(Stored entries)
________________

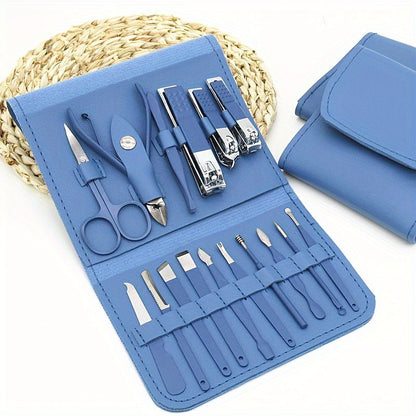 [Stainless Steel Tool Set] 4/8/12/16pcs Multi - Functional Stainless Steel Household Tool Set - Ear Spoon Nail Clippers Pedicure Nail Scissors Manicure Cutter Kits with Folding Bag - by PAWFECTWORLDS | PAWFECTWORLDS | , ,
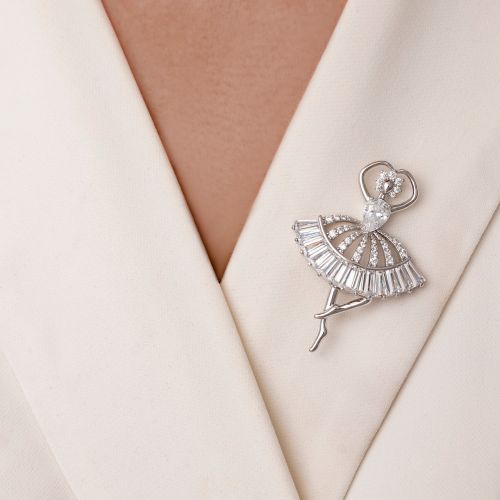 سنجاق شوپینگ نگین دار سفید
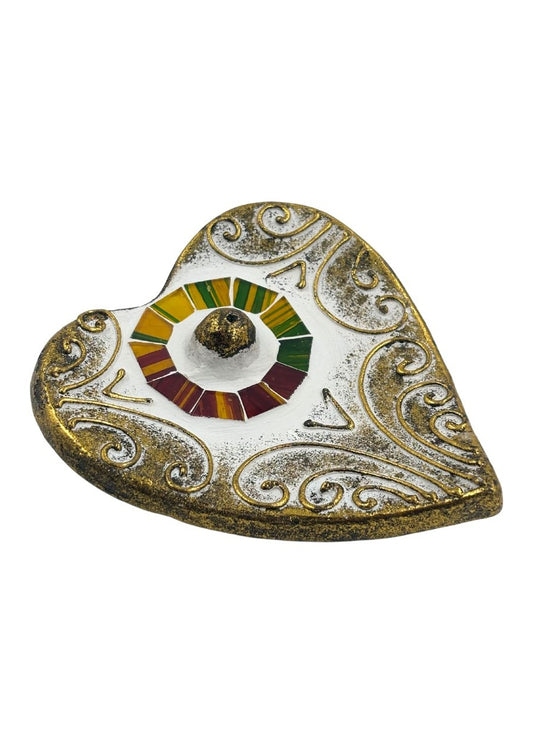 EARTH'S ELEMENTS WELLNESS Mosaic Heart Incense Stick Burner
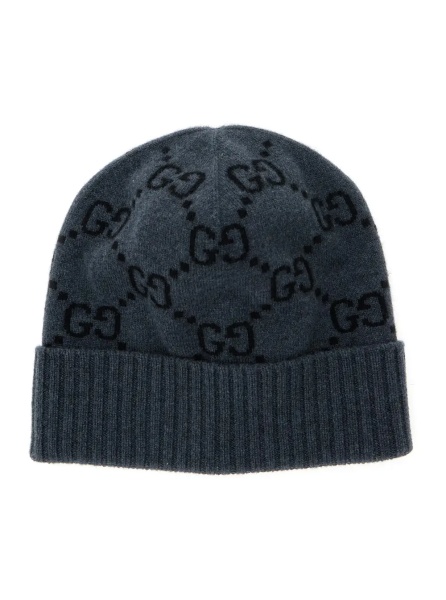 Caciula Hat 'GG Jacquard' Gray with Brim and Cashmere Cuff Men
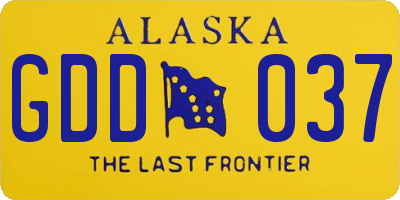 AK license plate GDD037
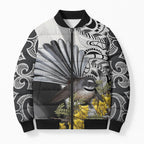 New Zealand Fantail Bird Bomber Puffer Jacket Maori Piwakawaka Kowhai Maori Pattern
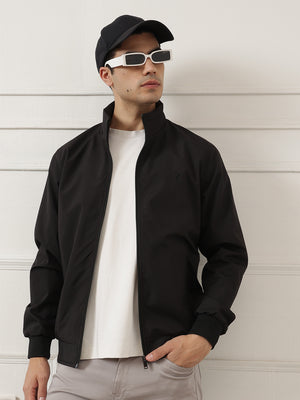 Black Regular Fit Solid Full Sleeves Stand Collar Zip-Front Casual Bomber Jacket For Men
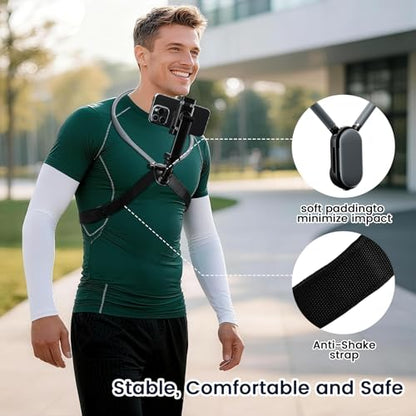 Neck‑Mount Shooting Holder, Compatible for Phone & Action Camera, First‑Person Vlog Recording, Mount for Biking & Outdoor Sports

________________

▸ **What to produce**
Copy the entries precisely, images excluded.

▸ **Completed task**
 [Stainless Steel Tool Set] 4/8/12/16pcs Multi - Functional Stainless Steel Household Tool Set - Ear Spoon Nail Clippers Pedicure Nail Scissors Manicure Cutter Kits with Folding Bag - by PAWFECTWORLDS | PAWFECTWORLDS | , ,
 سنجاق شوپینگ نگین دار سفید
 EARTH'S ELEMENTS WELLNESS Mosaic Heart Incense Stick Burner
 Caciula Hat 'GG Jacquard' Gray with Brim and Cashmere Cuff Men
 AK license plate GDD037
 New Zealand Fantail Bird Bomber Puffer Jacket Maori Piwakawaka Kowhai Maori Pattern
 Black Regular Fit Solid Full Sleeves Stand Collar Zip-Front Casual Bomber Jacket For Men
 Neck‑Mount Shooting Holder, Compatible for Phone & Action Camera, First‑Person Vlog Recording, Mount for Biking & Outdoor Sports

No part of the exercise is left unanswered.